** Opening ENTRIES SUPPLIED block **

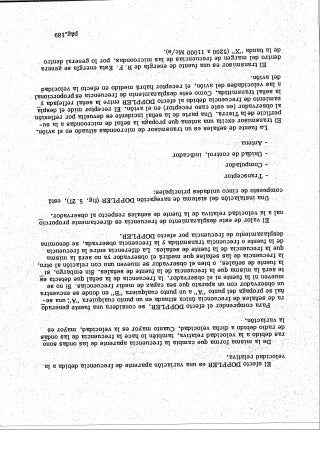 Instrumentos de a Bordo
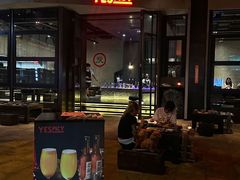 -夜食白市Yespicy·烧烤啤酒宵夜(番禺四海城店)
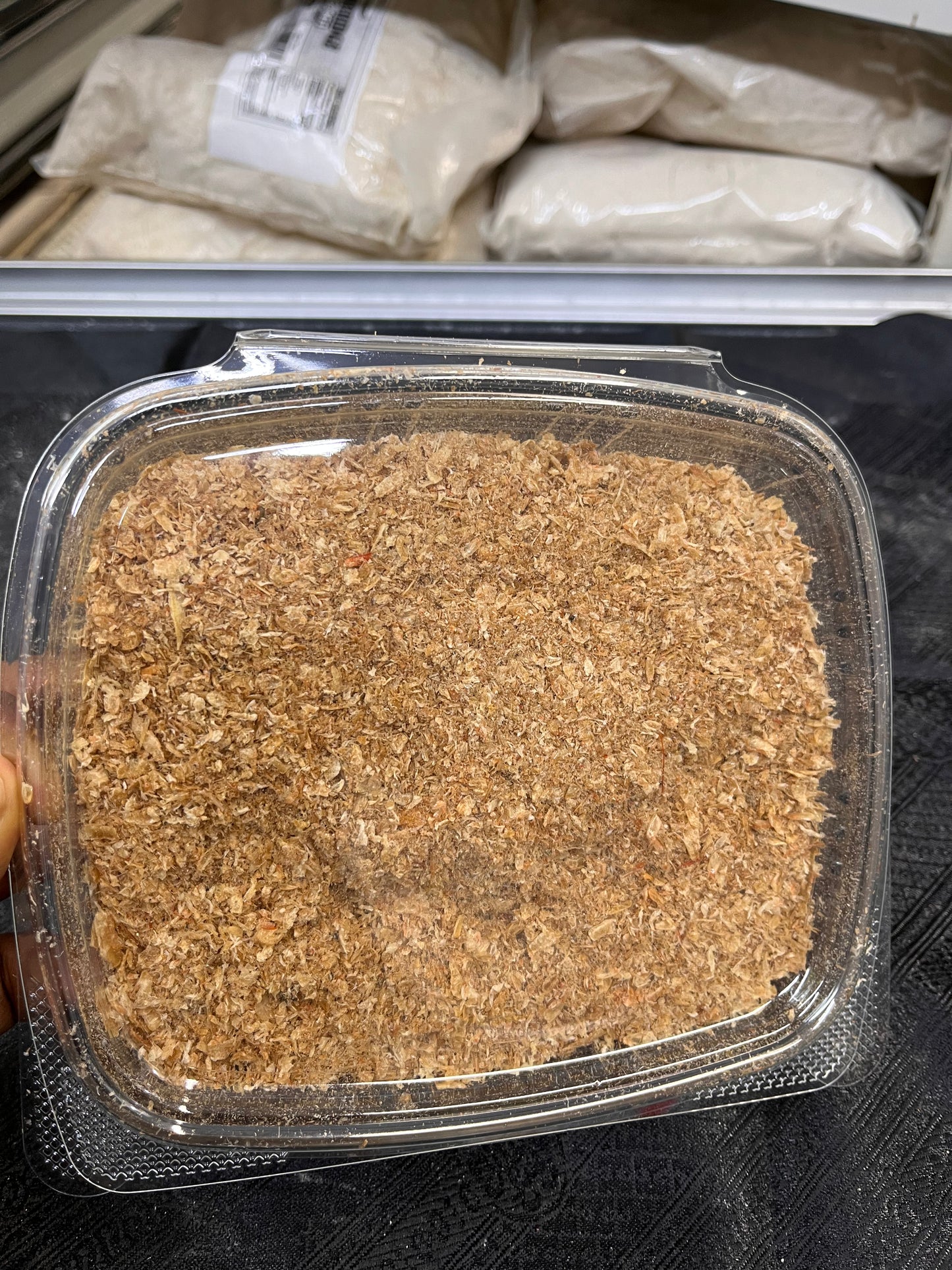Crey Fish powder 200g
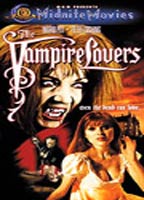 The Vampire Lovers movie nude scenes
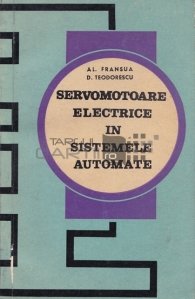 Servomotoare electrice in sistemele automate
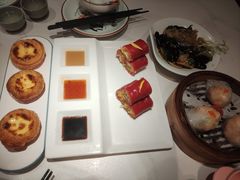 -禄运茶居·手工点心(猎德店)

** Closing ENTRIES SUPPLIED block **
** Opening ENTRIES SUPPLIED block **

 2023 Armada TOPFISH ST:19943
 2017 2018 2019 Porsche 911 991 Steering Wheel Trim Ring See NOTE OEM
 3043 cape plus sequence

** Closing ENTRIES SUPPLIED block **

> TASK BRIEF: Working from the entries above, please transcribe only the lines from the line with "Instrumentos de a Bordo" through the line with "-禄运茶居·手工点心(猎德店)", exactly, with both end lines and without pictures.

> SOLUTION TO THE EXERCISE:
 Instrumentos de a Bordo
 -夜食白市Yespicy·烧烤啤酒宵夜(番禺四海城店)
Crey Fish powder 200g
 The Vampire Lovers movie nude scenes
 Servomotoare electrice in sistemele automate
 -禄运茶居·手工点心(猎德店)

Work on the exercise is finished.